⟨
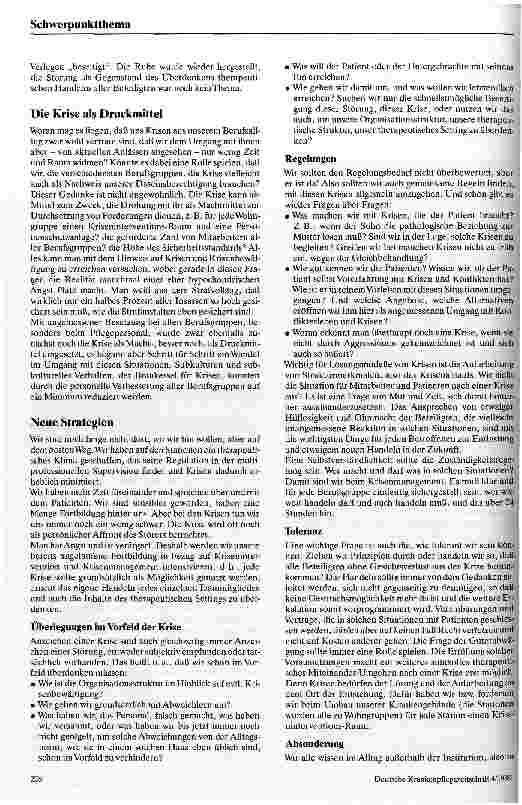 Vorschauseite 2: Krisen und Krisenintervention im Maßregelvollzug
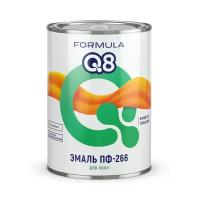 Эмаль ПФ-266 для пола алкидная Formula Q8, глянцевая, 0,9 кг, золотисто-коричневая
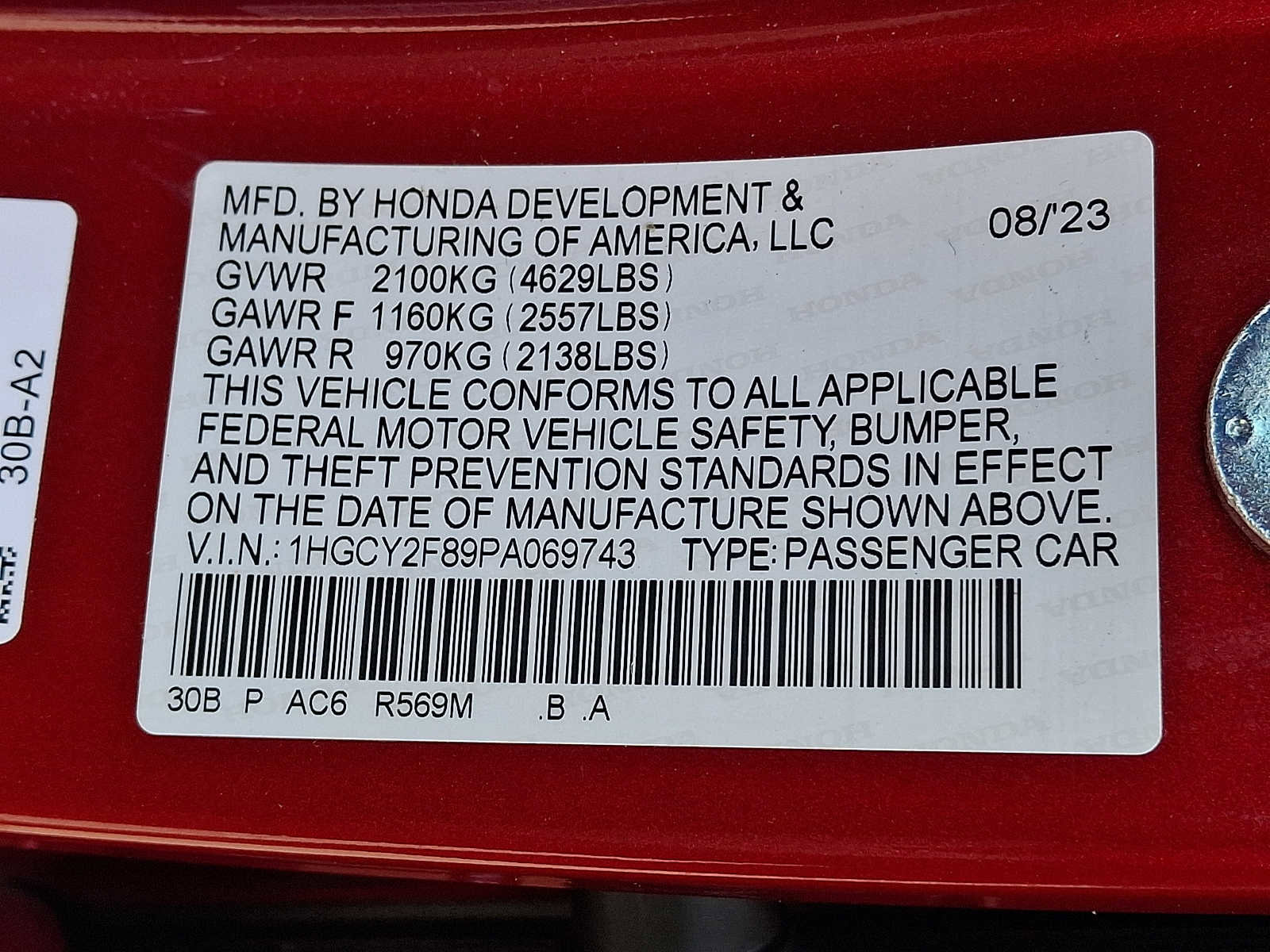 Used 2023 Honda Accord Touring image 26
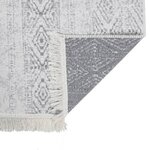 vidaXL Tapis Gris clair 80x150 cm Coton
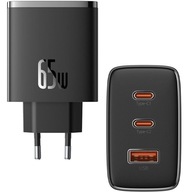 Baseus USB-C USB 65W nástenná nabíjačka pre smartfón, notebook, tablet Baseus USB-C USB 65W nástenná nabíjačka pre smartfón, notebook, tablet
⟩
What you have to do: Pick up at the line containing "Used 2023 Honda Accord Touring image 26" and copy each line exactly until the data ends, including that last line; copy no pictures.

Result for this exercise:
 Used 2023 Honda Accord Touring image 26
 vidaXL Tapis Gris clair 80x150 cm Coton
 Baseus USB-C USB 65W nástenná nabíjačka pre smartfón, notebook, tablet Baseus USB-C USB 65W nástenná nabíjačka pre smartfón, notebook, tablet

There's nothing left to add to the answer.